Gloria Steinem, lightweight icon


Camille Paglia has neatly summed up the positive side of Gloria Steinem: “I hugely admired the early role that Steinem played in second-wave feminism because she was very good as a spokesperson in the 1970s. She had a very soothing manner that made it seem perfectly reasonable for people to adopt feminist principles…Also, I credit her for co-founding Ms. magazine and thereby contributing that very useful word, Ms., to the English language, which allows us to refer to a woman without signaling her marital status.”

But as it happens, it’s Paglia, too, who has best summed up what’s wrong with Steinem.

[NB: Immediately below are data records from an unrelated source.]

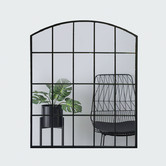 K&#039;sHomewares&amp;Decor Industrial Arched Window Mirror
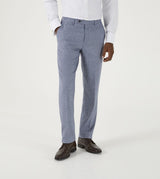 Skopes Tailored Fit Jodrell Suit Trouser For Men in Blue Marl, 30W-58W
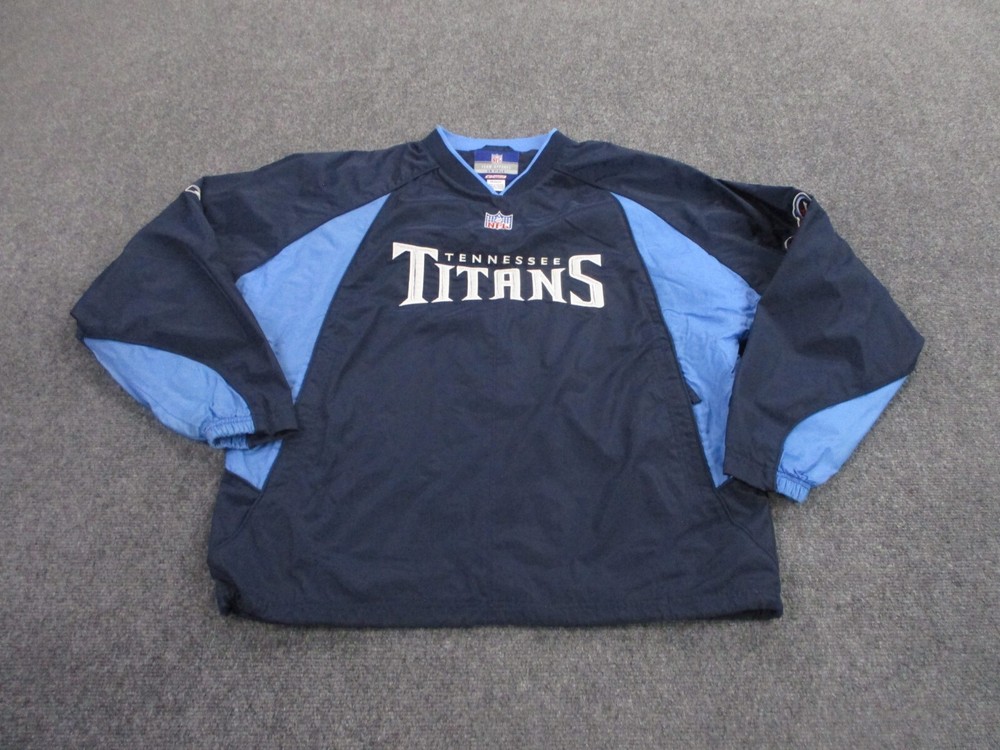 Vintage Tennessee Titans Jacket Adult M Reebok On Field Windbreaker Athletic Men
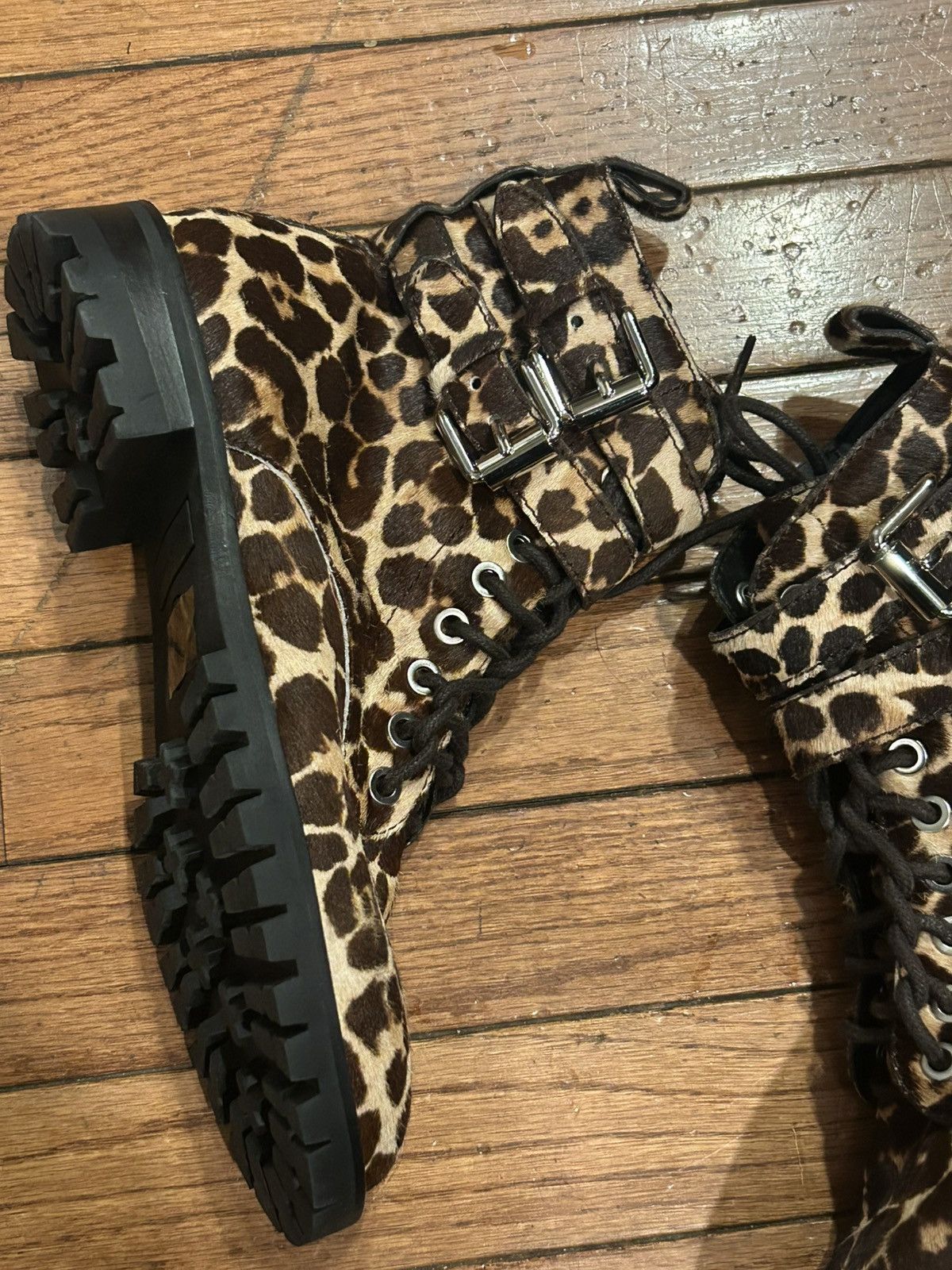 Rebecca Minkoff Rebecca Minkoff Jaiden Leopard Print Size US 7 / IT 37 - 4 Thumbnail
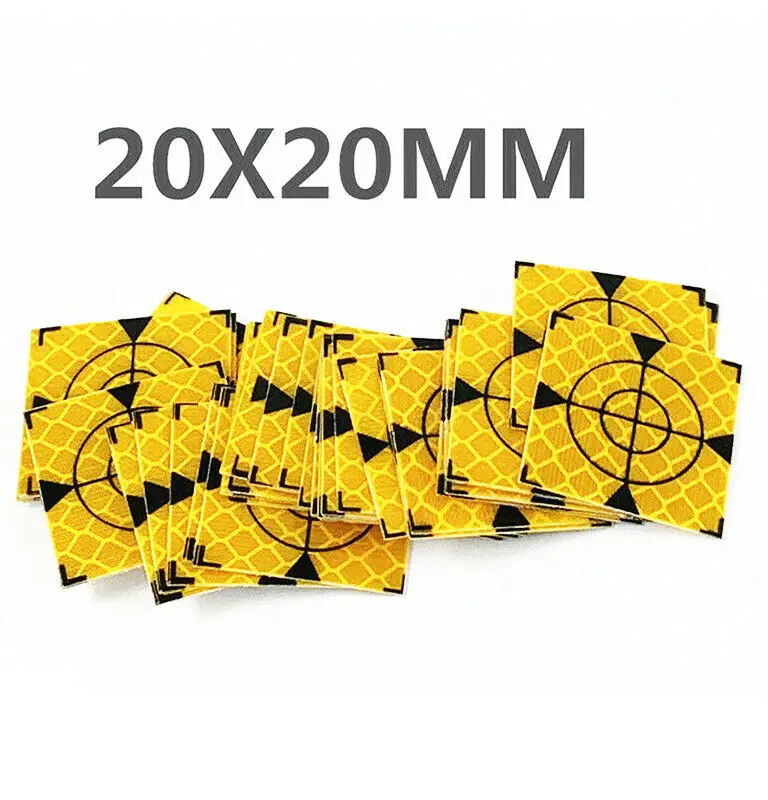 100pcs 60x60mm Reflector Sheet For Total Station Survey Geography Fluorescent Green Sheet Reflective Sticker 20/30/40/50/60mm
100pcs 60x60mm Reflector Sheet For Total Station Survey Geography Fluorescent Green Sheet Reflective Sticker 20/30/40/50/60mm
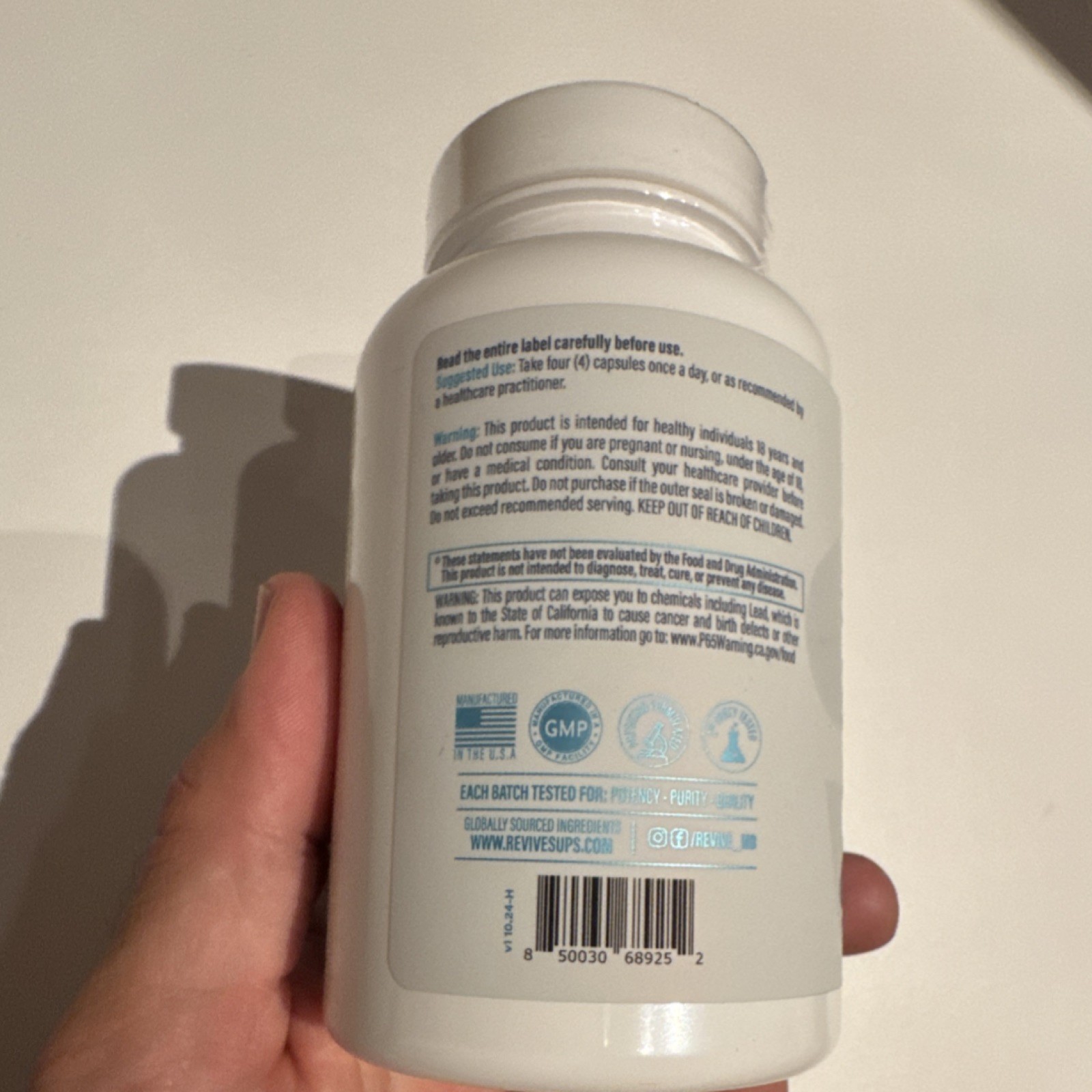 Revive Liver Support Liver Health Vegetarian Capsules 120 Count 300mg Exp 03/28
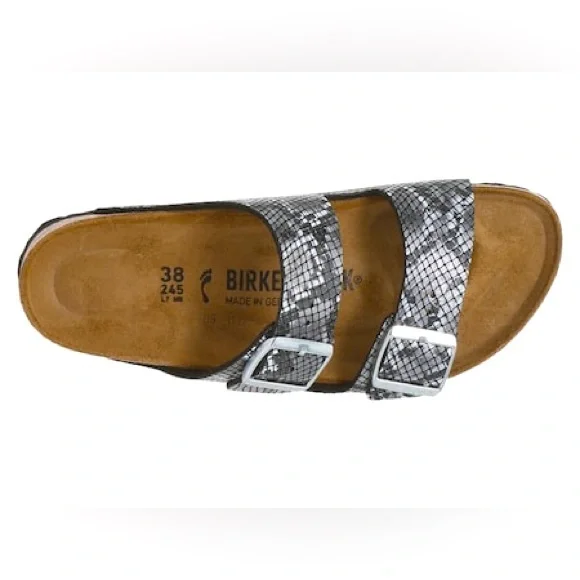 BIRKENSTOCK Arizona slide sandals leather snake print size eur 37 L6 - Picture 6 of 11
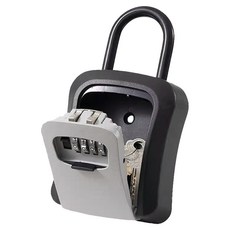 防盜防水密碼鑰匙盒/密碼鎖 灰色, 1個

For one thing, “that animus of hers against men.” For another, her lifelong fixation on the supposed oppression of upper-middle-class white American women such as herself, who in fact were, and are, among the most privileged people the world has ever seen.

Camille Paglia

Then there’s “the simplistic level of Steinem’s thinking,” as exemplified by her comment that “women reading Playboy feels a little like a Jew reading a Nazi manual.” (Or her attack on Paglia, about whom Steinem once actually said: “Her calling herself a feminist is sort of like a Nazi saying he’s not anti-Semitic.”) Then there’s Steinem’s “having turned feminism into a covert adjunct of the Democratic party,” one consequence of which was that she hypocritically kept her mouth shut during the Monica Lewinsky scandal.

In 2015, we reported on Steinem’s latest stratagem: a “walk for peace” from North Korea to South Korea, the point being, as she explained beforehand, “to call attention to this unresolved conflict that I suspect most people or many people have forgotten.” Or perhaps the point was to get her own name back in the headlines again, since she feared many people had forgotten her?

Steinem leading her Korea walk

Steinem quickly made it clear that she understood nothing whatsoever about North Korea. She planned, she said, to meet with North Korean women so they could compare their “experiences” as women in different societies. As if women in North Korea could speak honestly about their experiences without risking execution! The Daily Beast ran an article by Lizzie Crocker headlined: “Is Gloria Steinem a Propaganda Tool For North Korea?” Indeed, it was interesting to note that Steinem, who had made a career out of savaging postwar America’s supposed mistreatment of the female sex, said nothing in her Korea remarks about the nightmarish abuse of both men and women in the Hermit Kingdom.

Steinem and Ahn

It was even more interesting to note that Steinem’s partner in this inane enterprise was Christine Ahn, head of something called the Korea Solidarity Committee and a shameless apologist for the Kim regime. To judge by Steinem’s remarks about Korea, she had swallowed wholesale everything Ahn had told her about the topic. Why is Korea divided? Not because the northern part is a totalitarian dictatorship governed by a bloodthirsty tyrant, but because of the “Cold War mentality,” Steinem pronounced.

Steinem with Lahti

After years of such pathetic stunts, Steinem should be an object of ridicule. Paglia’s view of her should be the world’s view of her. But no, she’s remained a darling of the cultural elite. She’s the subject of an upcoming Off-Broadway play, Gloria: A Life, in which she’ll be played by Christine Lahti. A New York Times article took us into “the cool tranquillity of Ms. Steinem’s Upper East Side duplex,” where Lahti and Steinem fielded softball questions about the production. (Presumably the obvious title for the play, Oppressed in an Upper East Side Duplex, was too long for the marquee.) The Times noted that Steinem is also the subject of not one but two forthcoming movies: My Life on the Road, starring Julianne Moore as Steinem, and An Uncivil War, with Carey Mulligan as Steinem.

In 2018, does the American playgoing and moviegoing public really want to see dramas about the purported heroism of Gloria Steinem? This is, after all, a woman who, in the Times piece, is actually quoted as saying “it isn’t just that we live in a patriarchy. The patriarchy lives in us.” Isn’t it clear by now that, as an intellectual, she’s a lightweight? That, as an activist, she’s as domesticated a creature as you could imagine? And that, as a so-called oppressed person, she’s the very model of privilege?